Rocky Shi on Film Investing and How Modern Filmmakers Minimize Their Risks


For some investors, the ups and downs of the traditional stock market don’t offer enough excitement; they want more action and more drama – and they’re getting it with film funding. These savvy investors are well aware of the high risk associated with film financing and find ways to minimize the potential for loss, says rocky shifounder/CEO of media company Rise Entertainment and a film and television investor and producer.

Passion takes a back seat

In the past, investors may have backed a passion project from the get-go, staying the course for years based on nothing more than gut feeling, even if the actors, writers, or studios have withdrawn their commitments.

To reduce risk, investors today approach financing with a firm focus on the “commercial” part of the term. show business. They coldly take advantage of the many data analyzes available on online market platforms such as and where they can carefully select a movie to support purely from a rating perspective.

These data points offer analysis of project metrics on things like script strength, cast, production crew, financial and cast projections, and more. While it’s important to keep in mind that qualitative scoring values ​​are subjective based on each platform’s data and scoring methodology, projects with a higher score have a higher anticipated ROI. high and given curated status and then offered to investors as the crème de la crème (and therefore less risky). Another security measure: the process also facilitates the verification of investors.

why not join the crowd

Rocky Shi says that crowdfunding cannot be neglected when considering funding films because, while the approach is not without risk, it is also undeniable that the films that become successful make a ton of money for their investors.

Various sources have different vibrations: Seed and spark focuses on feature films, shorts, documentaries and experimental work for festivals and independent cinema; Indiegogo is currently the leading producer of crowdfunded movies; and Junction offers organized investments in projects with professional film investors.

Streaming content and status

In a frantic dance to grab and hold viewers’ attention, streaming platforms (e.g. Disney+, Netflix, HBO Max, Amazon Prime Video, Apple TV+, Paramount+, Peacock, etc.) are fueled by a rich river of content and it is estimated that for 2022 content spending will vary widely, ranging from around $140 billion to over $230 billion.

To push this content, everything from free trial incentives and specially priced bundles to adaptations of popular video game franchises (Halo, Paramount+) and sensational stunts (the live vampire attack experience of Netflix in March 2021 at the first action and horror film blood red sky) are used to draw viewers into libraries of original content not available anywhere else.

Rocky Shi explains that Streaming platforms and distributors are well positioned to take advantage of the wealth of content from newcomers and established filmmakers. For example, HBO Max from Warner Bros. Discovery has created a new branded content studio to connect and expand its IP. Disney is leveraging its historic library as well as current franchises to expand its streaming offerings.

Meanwhile, Netflix continues to fund many projects that push the boundaries of innovative storytelling.

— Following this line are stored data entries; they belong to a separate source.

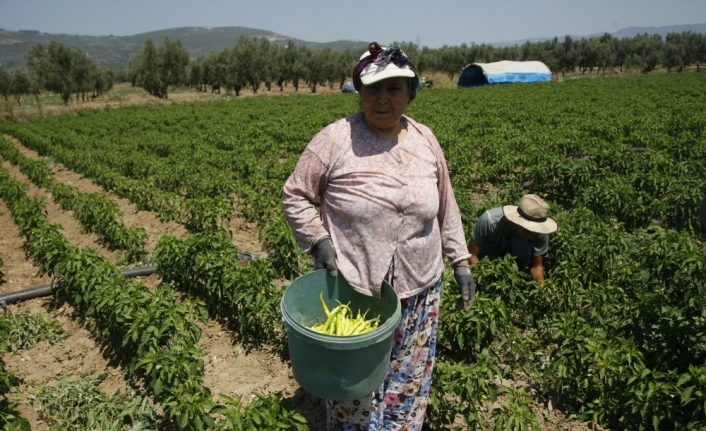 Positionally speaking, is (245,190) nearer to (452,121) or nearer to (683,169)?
(683,169)

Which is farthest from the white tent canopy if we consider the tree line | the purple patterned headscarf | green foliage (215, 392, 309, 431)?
green foliage (215, 392, 309, 431)

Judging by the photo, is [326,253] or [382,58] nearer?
[382,58]

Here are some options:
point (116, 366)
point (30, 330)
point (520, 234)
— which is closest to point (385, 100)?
point (520, 234)

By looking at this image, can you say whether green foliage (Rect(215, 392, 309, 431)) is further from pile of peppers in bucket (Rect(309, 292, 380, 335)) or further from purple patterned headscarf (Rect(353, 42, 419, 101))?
purple patterned headscarf (Rect(353, 42, 419, 101))

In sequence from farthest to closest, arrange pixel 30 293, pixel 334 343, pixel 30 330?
pixel 30 293
pixel 30 330
pixel 334 343

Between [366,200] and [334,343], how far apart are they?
0.72m

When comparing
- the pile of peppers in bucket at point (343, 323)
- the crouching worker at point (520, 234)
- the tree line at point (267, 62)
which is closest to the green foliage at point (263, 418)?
the pile of peppers in bucket at point (343, 323)

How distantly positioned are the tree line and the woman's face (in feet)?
138

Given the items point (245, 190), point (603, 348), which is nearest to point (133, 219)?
point (245, 190)

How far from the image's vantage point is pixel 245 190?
8289mm

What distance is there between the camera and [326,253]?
2334 mm

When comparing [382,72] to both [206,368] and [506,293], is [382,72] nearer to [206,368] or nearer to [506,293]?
[506,293]

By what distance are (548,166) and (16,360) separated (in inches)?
344

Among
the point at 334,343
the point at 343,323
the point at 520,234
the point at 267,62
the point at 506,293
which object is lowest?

Many choices as momentum grows

Ultimately, investors looking to back films will have no shortage of investment routes to travel individually or cooperatively, especially given the increased speed with which feature films move into post-theatrical distribution.

For modern filmmakers, statistical analysis will figure prominently in the investment path they choose, doing their best to quantify the reasons for success and reduce uncertainty in an industry where, while the numbers may s Add up, audience tastes can never be fully predicted.